PROBLEM REQUIREMENTS: Print the lines in the listing below starting at the line with "Women’s Rock Revival Jeans - Size 27" and ending at the line with "Gel Polish Cleanser - 8 Oz", both included. Reproduce them exactly and omit every picture.

INFORMATION GIVEN:
■ ■ ■ ■ ■ ■ ■
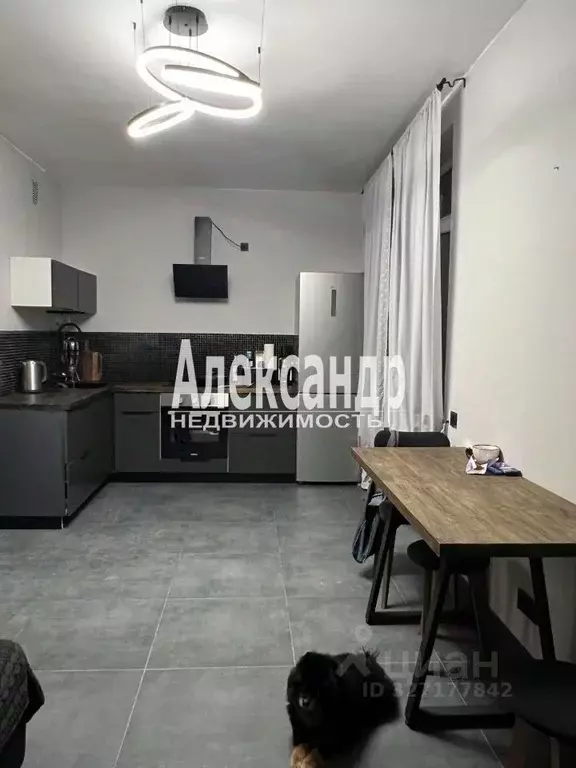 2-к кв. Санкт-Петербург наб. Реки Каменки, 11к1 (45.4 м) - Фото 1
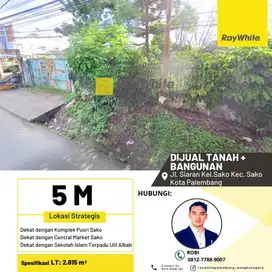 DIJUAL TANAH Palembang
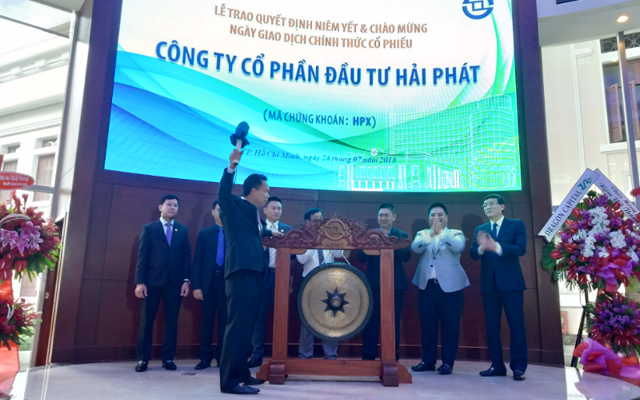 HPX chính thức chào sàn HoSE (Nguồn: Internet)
■ ■ ■ ■ ■ ■ ■
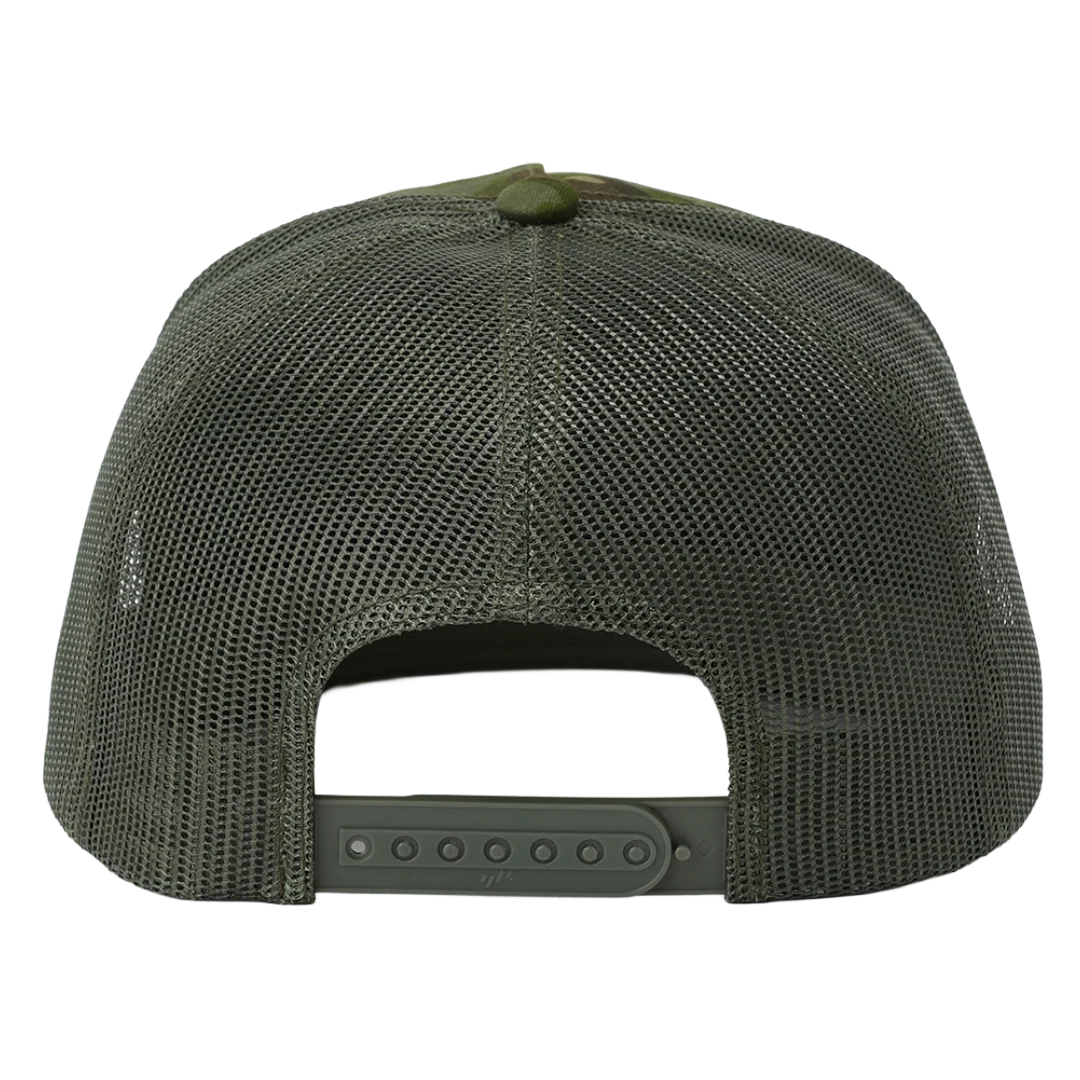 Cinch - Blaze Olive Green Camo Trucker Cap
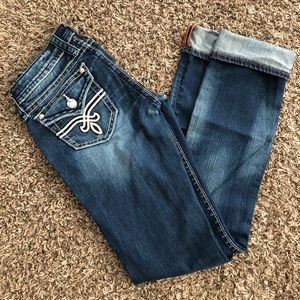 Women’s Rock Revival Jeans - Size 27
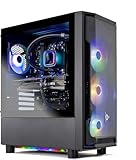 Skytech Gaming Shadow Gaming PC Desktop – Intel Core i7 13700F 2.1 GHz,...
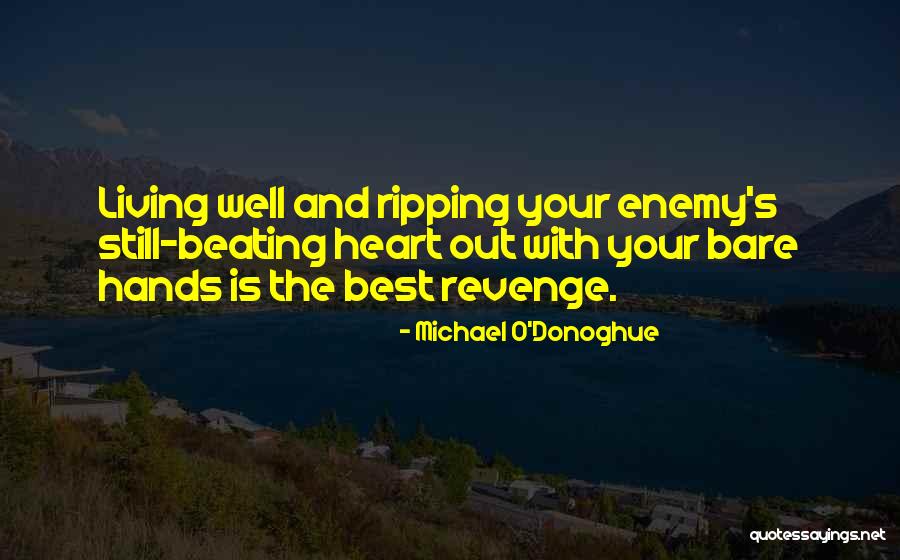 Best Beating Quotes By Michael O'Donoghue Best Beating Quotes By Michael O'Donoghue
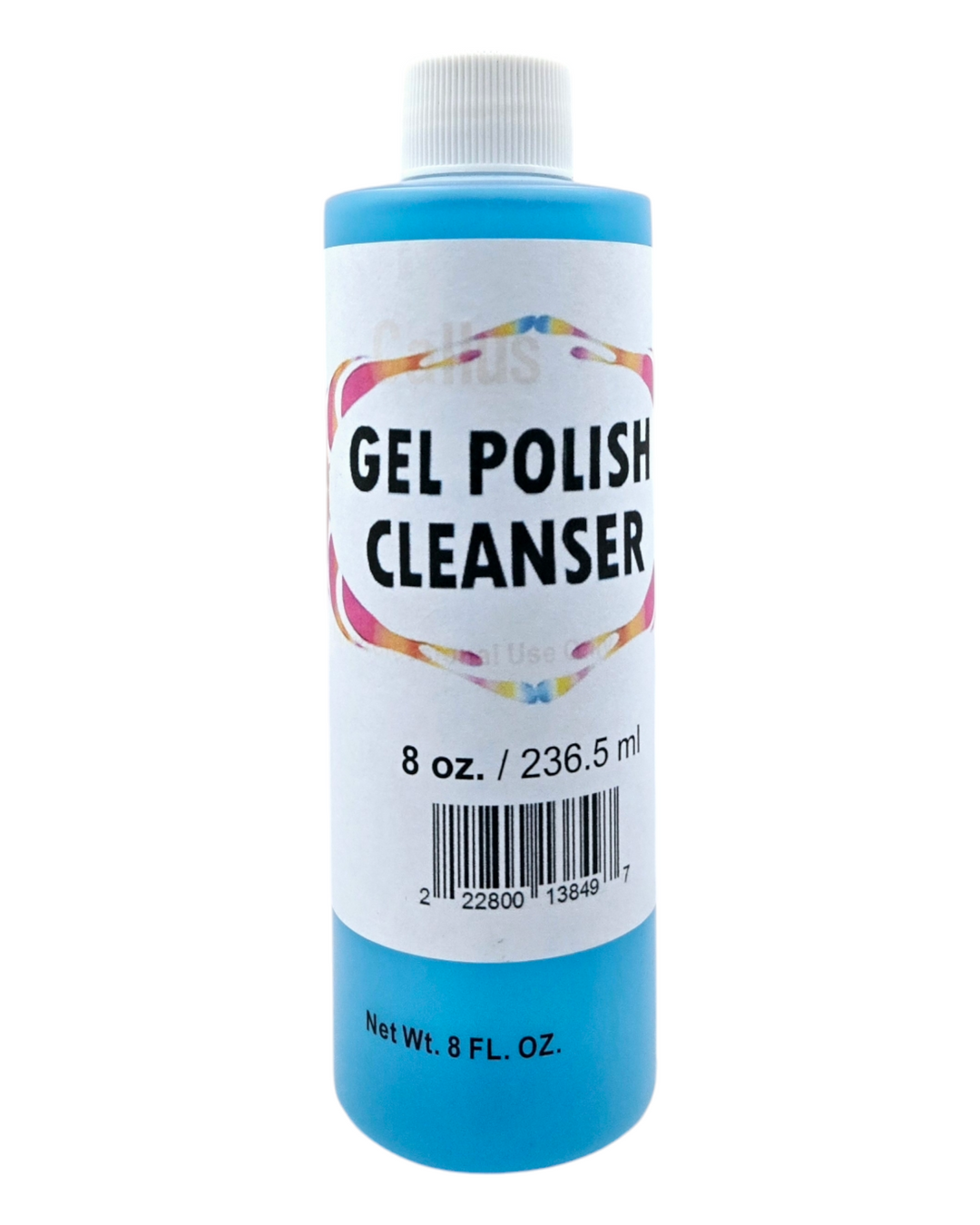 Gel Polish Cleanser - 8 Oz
■ ■ ■ ■ ■ ■ ■
PROBLEM SOLUTION:
 Women’s Rock Revival Jeans - Size 27
 Skytech Gaming Shadow Gaming PC Desktop – Intel Core i7 13700F 2.1 GHz,...
 Best Beating Quotes By Michael O'Donoghue Best Beating Quotes By Michael O'Donoghue
 Gel Polish Cleanser - 8 Oz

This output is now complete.